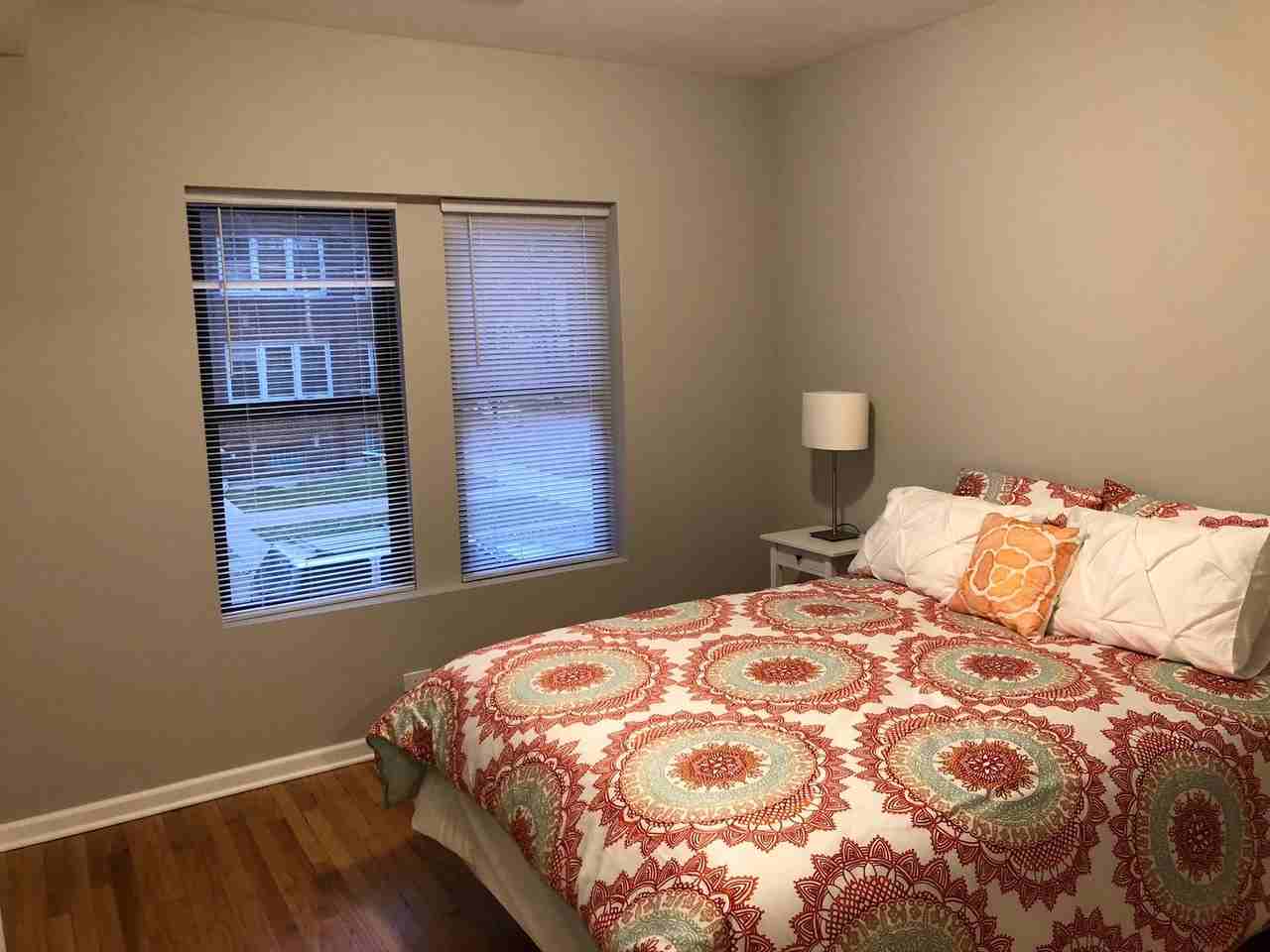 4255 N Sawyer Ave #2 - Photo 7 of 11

--

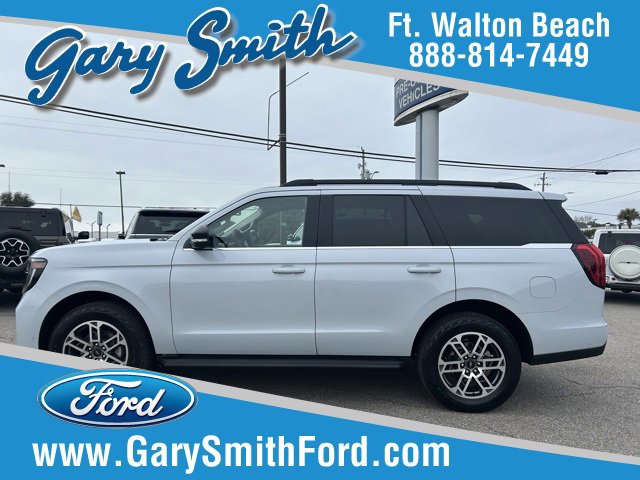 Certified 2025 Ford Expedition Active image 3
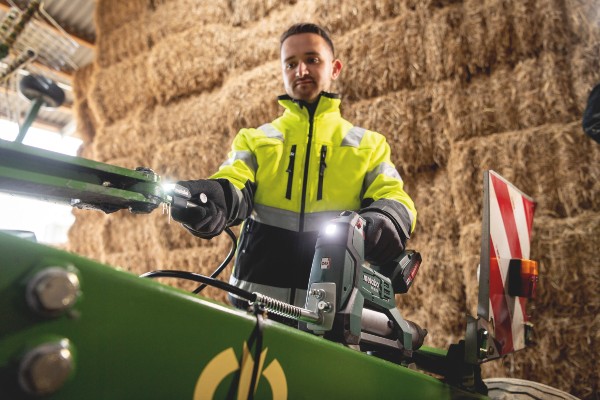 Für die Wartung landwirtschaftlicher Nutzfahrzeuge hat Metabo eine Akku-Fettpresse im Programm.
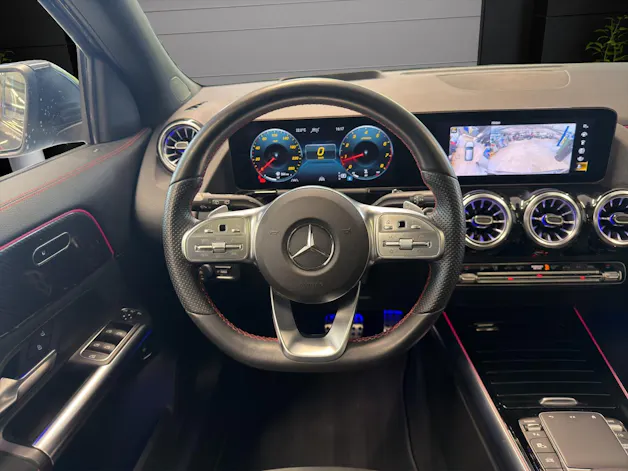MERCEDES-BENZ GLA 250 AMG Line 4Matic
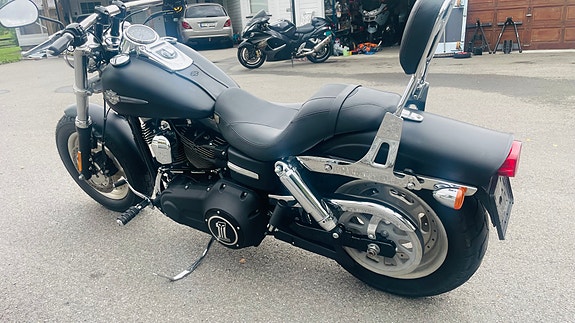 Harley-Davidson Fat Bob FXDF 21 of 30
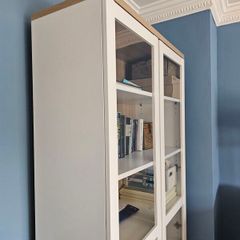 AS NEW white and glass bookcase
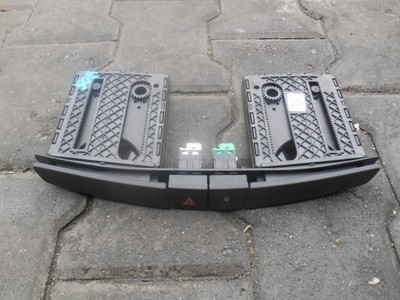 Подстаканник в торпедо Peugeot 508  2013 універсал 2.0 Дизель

Task brief: Reproduce the data above exactly, but only the lines from the one showing "Certified 2025 Ford" through the one showing "Подстаканник в торпедо", with both ends kept and the pictures left out.

Your solution:
 Certified 2025 Ford Expedition Active image 3
 Für die Wartung landwirtschaftlicher Nutzfahrzeuge hat Metabo eine Akku-Fettpresse im Programm.
MERCEDES-BENZ GLA 250 AMG Line 4Matic
 Harley-Davidson Fat Bob FXDF 21 of 30
 AS NEW white and glass bookcase
 Подстаканник в торпедо Peugeot 508  2013 універсал 2.0 Дизель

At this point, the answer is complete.